The lowdown: First screened on NBC straight after the Super Bowl in January ’83, it immediately hit #4 in the ratings and proved an enduring, much loved show throughout all five of its seasons. With its unlikely, disparate but legendary quartet of Vietnam-vets-on-the-run (George Peppard, Dirk Benedict, Dwight Schultz and Mr T) and its tried-and-tested formulaic plots (including our heroes fashioning flame-throwers or the like out of three paperclips and a Pritt-Stick, and BA having to be rendered unconscious to take a flight in a plane/ helicopter/ autogryro/ hand-glider – delete as appropriate), it made the most hay of all the daft but terrific, killer theme tune-toting prime-time action adventure dramas of the era (1979-’85’s The Dukes Of Hazzard, 1980-’88’s Magnum, P.I., 1982-’86’s Knight Rider and 1984-’87’s Airwolf) with their very ’80s preoccupation with muchos military paraphernalia, cartoon violence and aiding the small-town America little guy.
The lines: “I love it when a plan comes together” (Hannibal)/ “Shut up, fool!”/ “I ain’t gettin’ on no airplane!” (BA)
The unlikely but true: Hollywood legend James Coburn was initially considered for the role of Hannibal before lesser name George Peppard was cast. According to Dirk Benedict, Peppard’s friend Robert Vaughn was added to the cast as an antagonist in the final season to help temper the ‘difficult’ Peppard’s on-set relationship with Mr T; both Coburn and Vaughn appeared in the classic Western The Magnificent Seven (1960), while Peppard almost did.

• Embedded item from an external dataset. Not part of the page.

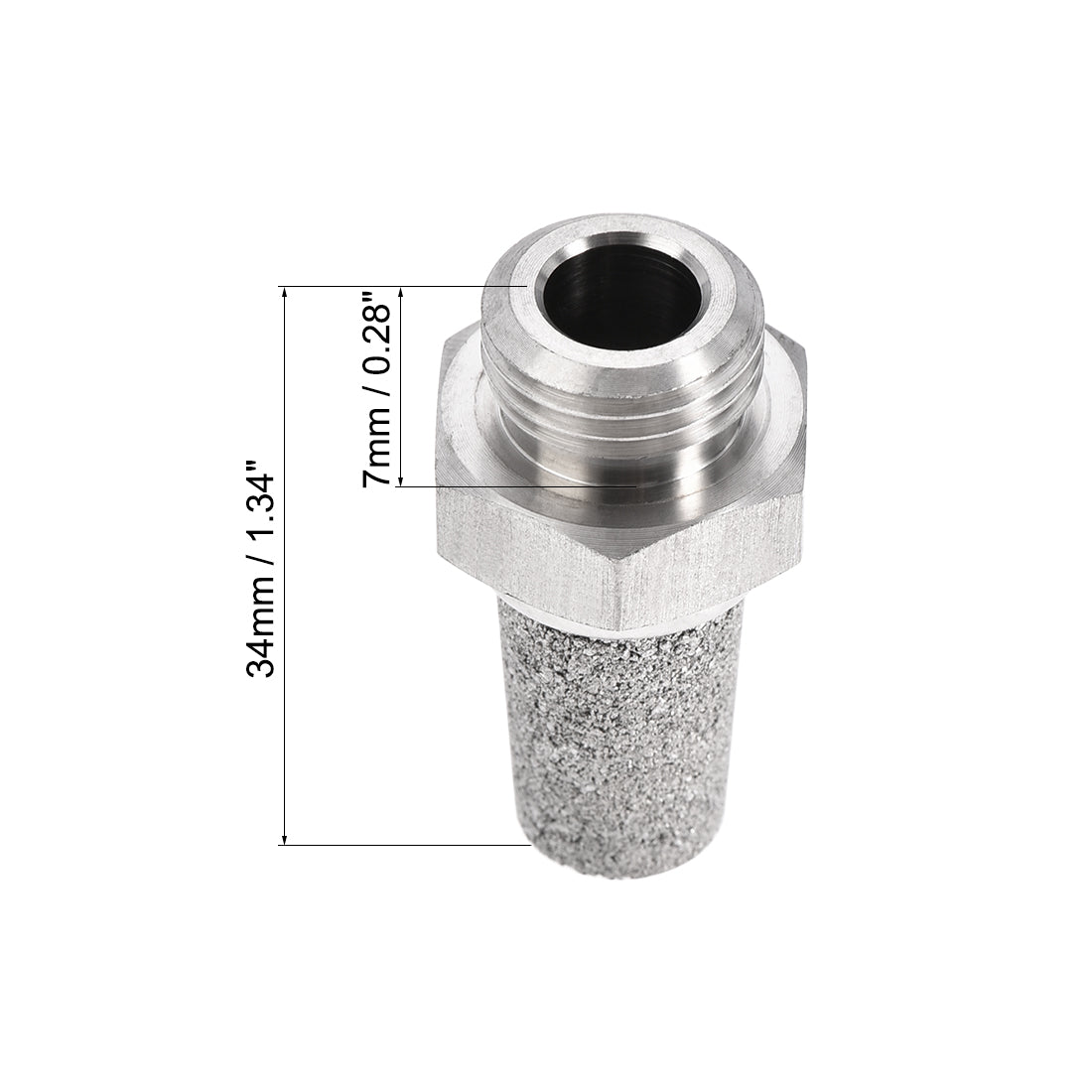 uxcell Uxcell Exhaust Muffler NPT 1/4 Male Thread Sintered 316 Stainless Steel Breather Pneumatic Air Muffler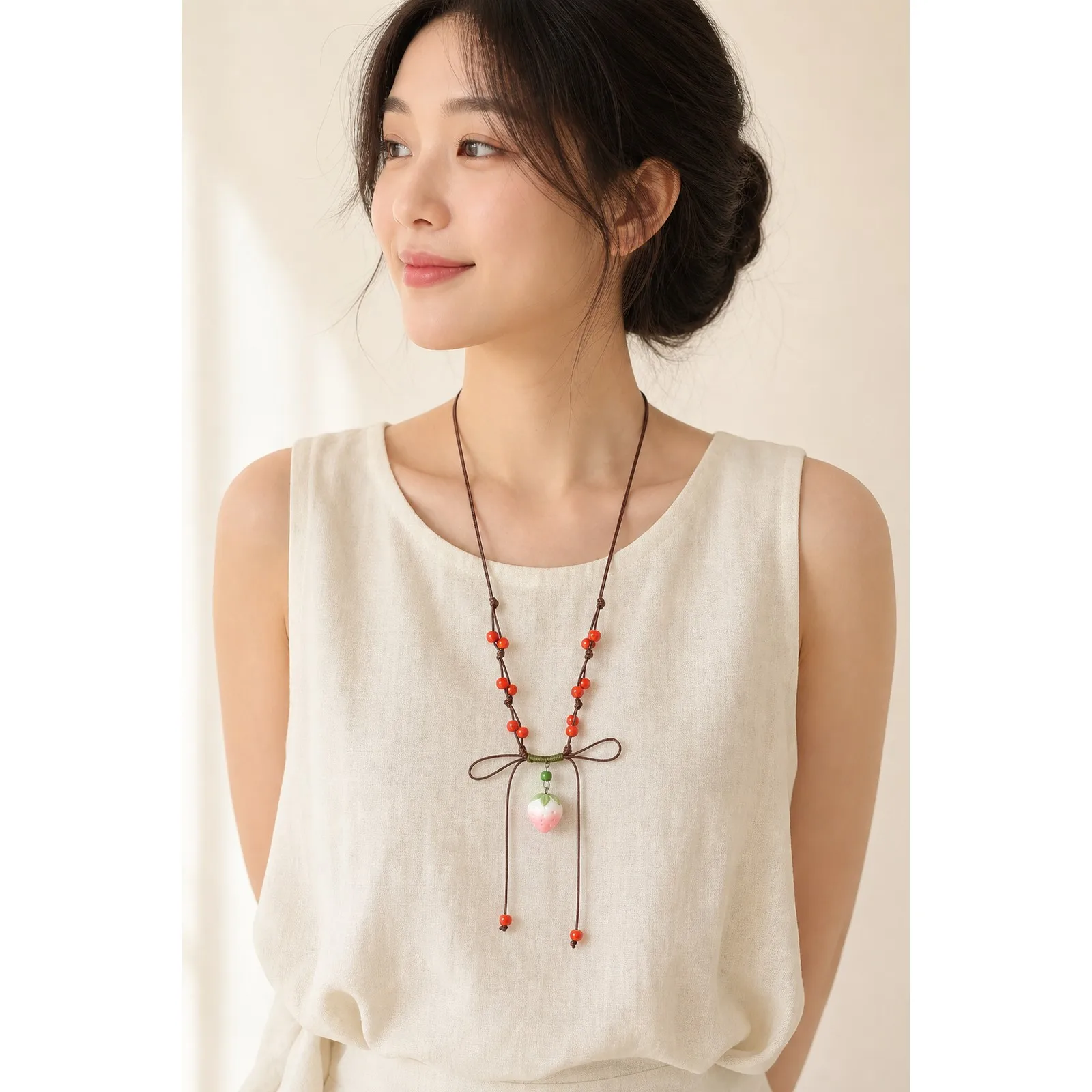 Handmade Fresh Strawberry Ceramic Bead Pendant Necklace Adjustable Cord Jewelry Accessory for Women Y260706-17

The legacy: Undeniably one of the easiest and fondest recalled TV efforts of the ’80s, The A-Team achieved huge popularity especially with the all-important youth demographic, spawning novelizations, Marvel comic adaptations and (of course, given this was the ’80s) the requisite action figures. At the show’s height, even a cola-flavoured popsicle of Mr T was available for avid fans. As for the break-out star himself, he instantly became a kids’ favourite, curious role model of the age and pop culture icon, famously appearing as Santa as Nancy Reagan sat on his knee at the White House in ’83, voicing himself in the Saturday morning cartoon Mister T (1983-86) and recording the once-heard-never-forgotten maternal endorsement ditty Treat Your Mother Right (Treat Her Right) (1984).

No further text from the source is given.